Aggravated misconduct — such as acts that endanger others, criminal activity at work, or repeated and willful policy violations — carries harsher consequences under Florida law, including longer disqualification periods.
Once you're receiving benefits, refusing an offer of suitable work without good cause is a disqualifying event. Florida considers factors like your prior wages, skills, distance from home, and how long you've been unemployed when evaluating whether a job offer was "suitable." A job that pays significantly less than your prior work may not be suitable early in a claim — but standards can shift the longer you remain on benefits.
Florida requires claimants to conduct and document a minimum number of job contacts per week. Failing to meet those requirements — or failing to report them accurately during weekly certification — can result in lost benefits for that week or disqualification going forward.

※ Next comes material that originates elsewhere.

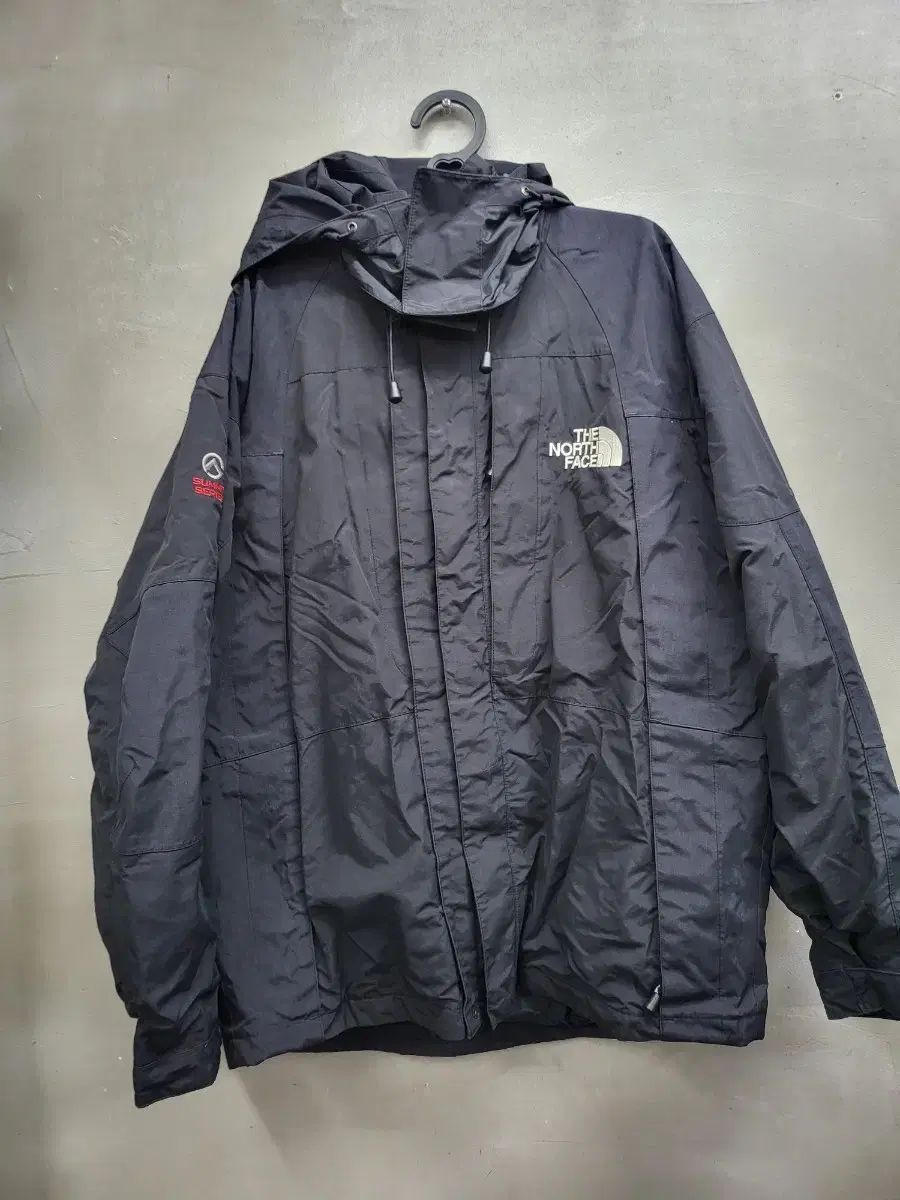 THE NORTH FACE サミット ブラック ウィンドブレーカー ジャケット GORE-TEX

When you file, Florida's CONNECT system notifies your former employer. The employer has the opportunity to respond and protest the claim — providing their account of why the separation occurred. Florida then reviews both sides through a process called adjudication.

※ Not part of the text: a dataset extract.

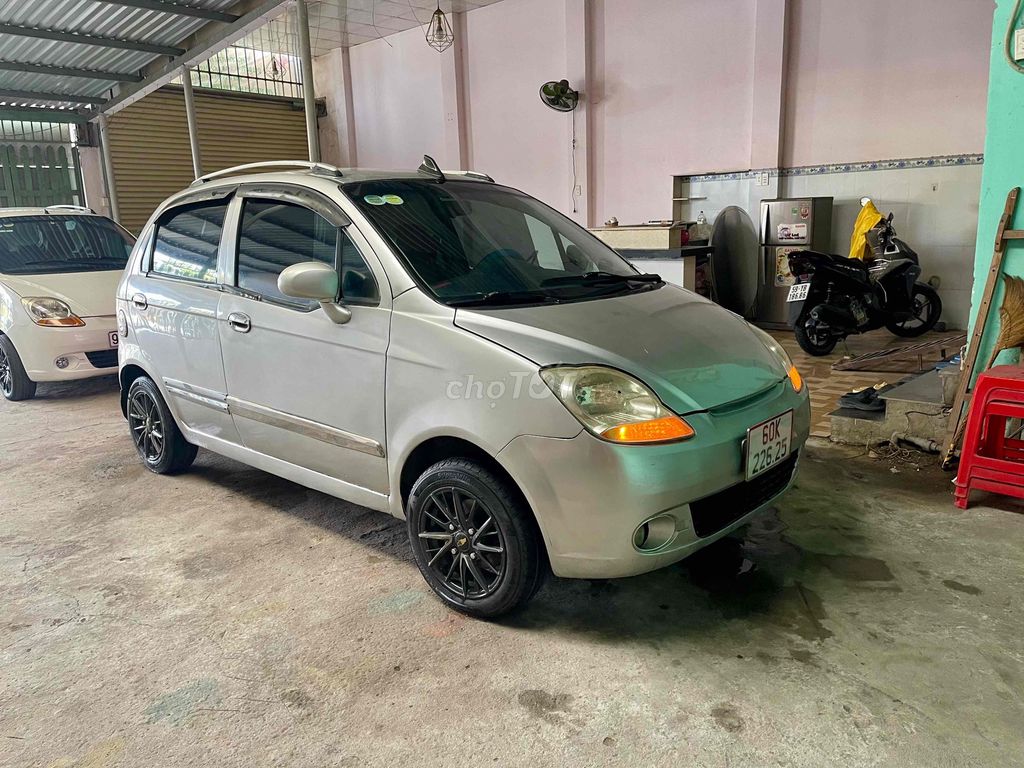 Chevrolet Spark 2009 LT 0.8 MT. Mua bán Ô tô tại Huyện Củ Chi Tp Hồ Chí Minh được đăng bởi thành thảo hình 1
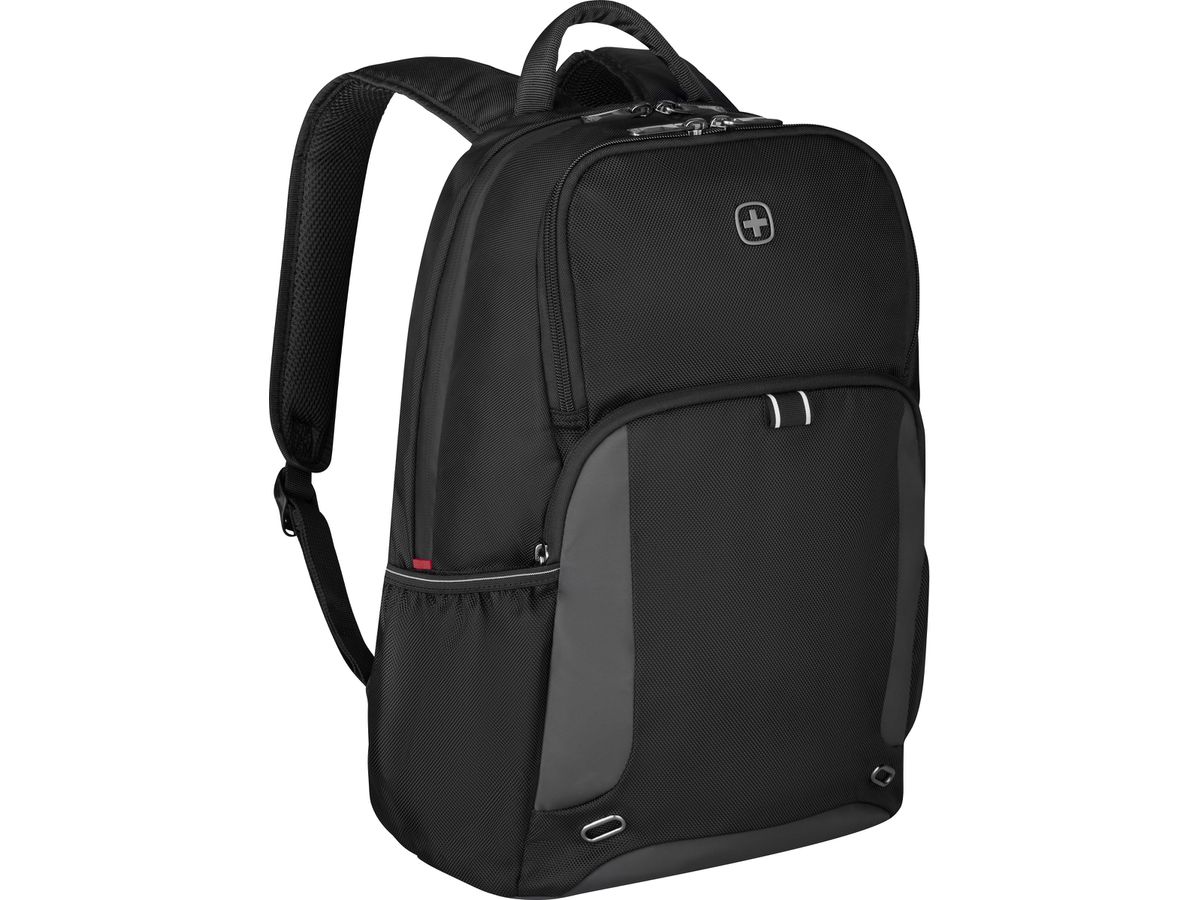 WENGER Laptop Backpack XE Tryal Black 612735 15.6 inch with Tablet Pocket (7613329182208)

An adjudicator may contact you, your employer, or both before issuing a determination. That determination will state whether you're eligible, disqualified, or whether specific weeks are denied. If you disagree, you have the right to appeal — and the appeals process has its own timelines and procedures under Florida law.
Florida's disqualification rules aren't applied in a vacuum. The same separation — being fired, for example — can produce very different outcomes depending on what the employer says, what evidence exists, what your work history looks like, and how the adjudicator interprets the facts against Florida's legal definitions of misconduct, good cause, and suitable work.
The line between a fireable offense and disqualifying misconduct isn't always obvious. Neither is the line between a personal quit and one with good cause attributable to the employer. Those distinctions are made case by case, based on the specific facts submitted — and they can be challenged through the appeals process if a determination doesn't go your way.
What disqualifies one claimant in Florida may not disqualify another facing a similar situation on paper.